XXI domenica tempo ordinario – anno C – 2013
Is 66,18-21; Sal 116; Eb 12,5-7.11-13; Lc 13,22-30
“Passava insegnando per città e villaggi mentre era in cammino verso Gerusalemme. Un tale gli chiese: ‘Signore, sono pochi quelli che si salvano?’.
La prima impressione che offre questo dialogo è l’attitudine di Gesù di sfuggire questioni che sono curiosità senza rapporto alla propria esistenza e al coinvolgimento della vita. La domanda che gli è posta ha importanza decisiva nella vita delle persone. Come salvarsi? Come trovare un senso alla propria esistenza? Tuttavia nel modo in cui gli è presentata può essere occasione di dibattiti teorici senza coinvolgimento: pochi o molti? Si affrontano questioni di vita rendendole dibattiti astrusi, si tratta degli altri senza riflessione sulla propria responsabilità. E Gesù si ritrae. Non sfugge alla questione ma la libera dall’essere una dissertazione di scuola. Il suo rispondere reca i tratti di un superamento di una curiosità vana che conduce anche ad una concezione del tutto sbagliata di Dio. La sua risposta si fa subito invito diretto, porta un riferimento alla vita di chi lo sta interrogando. Ma anche è parola che in primo luogo proviene dal percorso della sua vita, da quanto per primo egli sta vivendo. Dice Luca infatti che ‘era in cammino verso Gerusalemme’. La salvezza non è una questione di idee ma è cammino, rapporto con Gesù stesso e il regno di Dio.

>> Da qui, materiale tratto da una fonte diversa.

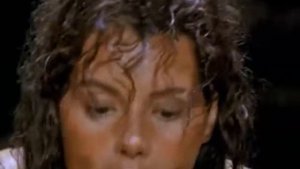 Остров головорезов Bonnie Tyler   Wings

‘Sforzatevi… Lottate…’ è il primo invito che Gesù rivolge al suo interlocutore. Ed è lui per primo che sta lottando, nel suo cammino verso Gerusalemme, contro tutto ciò che lo distoglie da una fedeltà al Padre. E sta affrontando quello che verrà indicato come ‘lotta’, ‘agone’, per affrontare la condanna e la croce. I vangeli concentrano in un episodio di prova e di scontro quello che costituisce una dimensione che accompagna il percorso di Gesù: le ‘tentazioni’ sono espressione di una tensione a mantenere la sua attenzione al regno, la direzione, sulla base della Parola di Dio e nella preghiera senza lasciarsi distogliere da tutto ciò che è ricerca di grandezza umana (Lc 4,1-13). La parola di Gesù pone in risalto una dimensione fondamentale della vita: la fatica necessaria per affrontare una lotta (Paolo parla della ‘bella lotta’ della fede: 1Tim 6,12). Si tratta di una lotta ben diversa da battaglie di chi intende la religione come motivo di scontro con altri, di imposizione delle proprie posizioni e di giustificazione alla violenza.
Gesù richiede quindi un’altra fatica: la fatica di uscire da mentalità religiose anguste e di entrare per quella porta che rimaneva sempre aperta. E’ questa la porticina che sulle mura delle città o anche nei palazzi poteva essere aperta anche dopo il tramonto del sole quando tutte le altre erano chiuse. La possibilità disponibile quando tutte le altre venivano meno e le porte erano sbarrate. Sembra che Gesù si riferisse a quella porta come immagine per parlare di se stesso e dell’incontro con lui. Il suo annuncio del regno rivolto a chi era lasciato fuori ed escluso.
E’ una fatica propria del divenire piccoli, dell’assumere non la misura dei grandi e dei potenti che passano per le grandi porte, ma di coloro che vivono la misura dell’amore di Gesù: la sua capacità di attenzione, il suo condividere la condizione di chi era tenuto ai margini, il suo annuncio per gli esclusi. In questa misura può essere colto il senso profondo dell’indicazione dell’invito a passare per la porta stretta: c’è una ‘strettezza’ che consiste nella misura di Gesù che apre ad un orizzonte che supera le nostre chiusure.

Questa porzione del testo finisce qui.